MY FIRST & ONLY TRUE LOVE
My name is Phyllis and I’m an addict. I grew up in a family where you didn’t share feelings. The only feeling you could show was anger. I never felt a part of. I always felt different. I would be dishonest to fit in. I was a chameleon. Anything I needed to be I could be for a while. I went to a religious school. This enhanced my emotional crippling. You were not allowed any feelings other than guilt and shame. I realized at an early age I was a lesbian. This definitely did not fit into the scheme of things. Something told me to keep my mouth shut about this. I was then molested by several men over a four year period. Having no outlet for my feelings, I turned them inward and produced depression. The only thing I felt was rage. My mother kept me under her thumb my entire youth. This just stunted my growth even more. Now, I was fourteen and naive without a voice. I was also a victim without a voice. Both a dangerous combination. Then, the unthinkable happened. My mother died and I was set free on the world without a clue what to do or how to do it. The day of my mother’s wake, my cousin gave me drugs. I didn’t know I had just met my first and only true love. Not knowing how to vent my feelings or even what I was feeling, I turned to drugs. More and more often. That was my motto for many years. “Don’t want to feel? I got just the thing for you!” This is what my addiction said to me. “Don’t want to deal with that? Step right up and take this!” This went on for many years, until one day I used and ended up in the hospital. The doctor said you can’t use anymore. I told him “watch me!” and proceeded to end up at the hospital again. This went on for 3 months until I finally realized I couldn’t use anymore. I detoxed in my bedroom and for 7 months I wouldn’t leave the house unless it was to go to work.

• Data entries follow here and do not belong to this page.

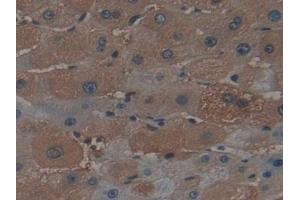 Detection of FTH in Human Liver Tissue using Polyclonal Antibody to Ferritin, Heavy Polypeptide (FTH)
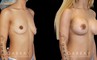 Silicone implant breast augmentation with correction of unilateral breast drooping. Results allowed for improved breast position without need for additional mastopexy procedure.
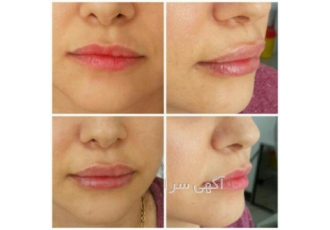 تزریق ژل لب لب یکی از قسمت های صورت است که با افزایش سن حجم لب کم شده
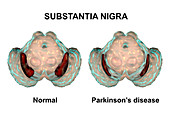 Substantia nigra and dopaminergic neurons, illustration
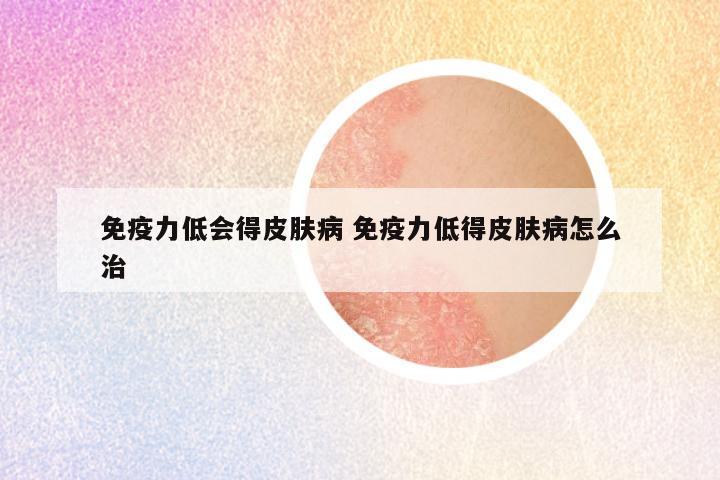 免疫力低会得皮肤病 免疫力低得皮肤病怎么治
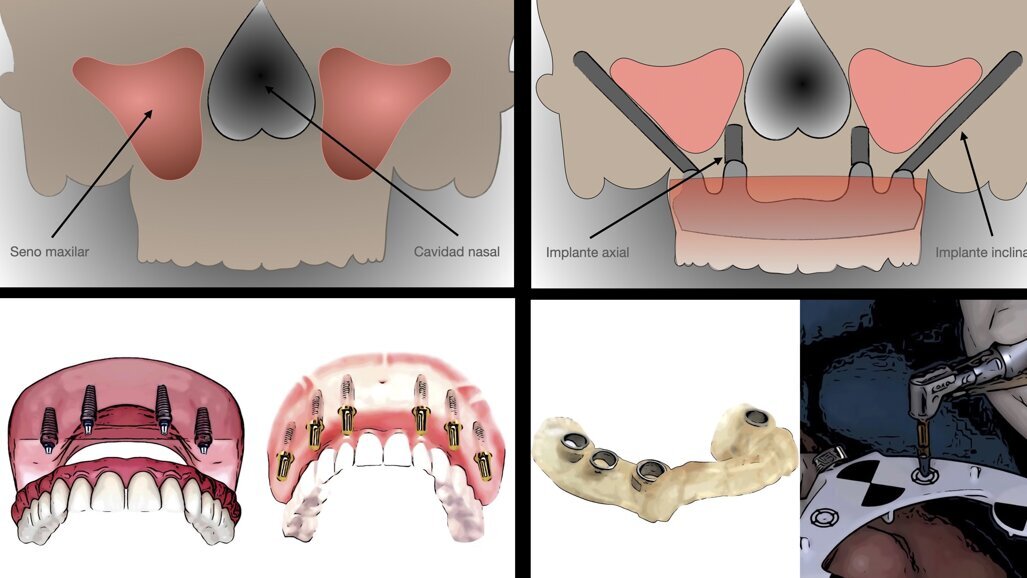 Carga inmediata o diferida en el maxilar totalmente edéntulo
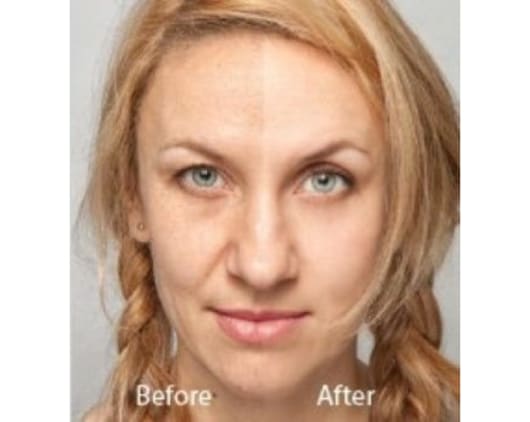 Our Hollywood Laser Peel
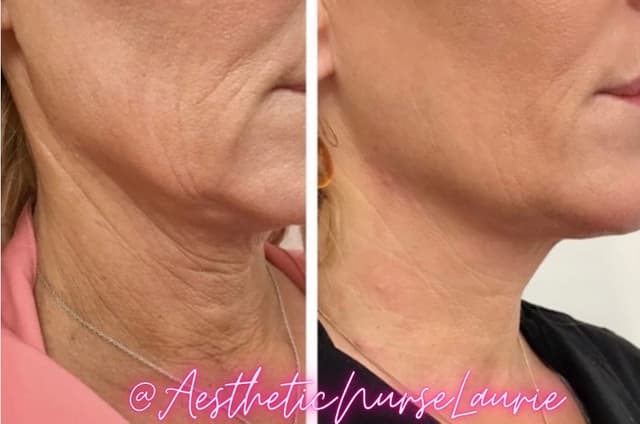 Hyperdilute Radiesse for neck skin tightening Carlsbad.
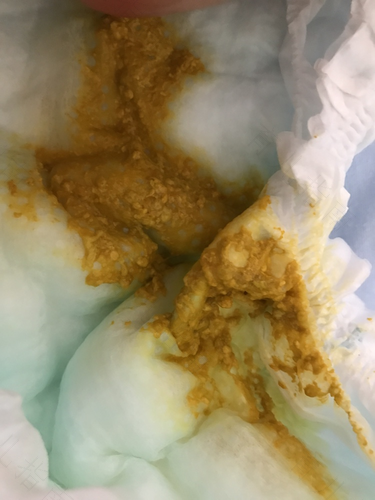 宝宝拉肚子一天拉六七次怎么办 宝宝拉肚子一天拉六七次怎么办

One day in July, two addicts showed up at my house and asked me to go to a meeting. They had heard I wasn’t using anymore. They told me of Narcotics Anonymous and that everyone was just like me. People who couldn’t use successfully anymore and wanted a new way of life. I went to that meeting at midnight on the beach and didn’t look back. I have had some setbacks, but my clean date is still December 19, 1988. My name is Phyllis and I’m an addict.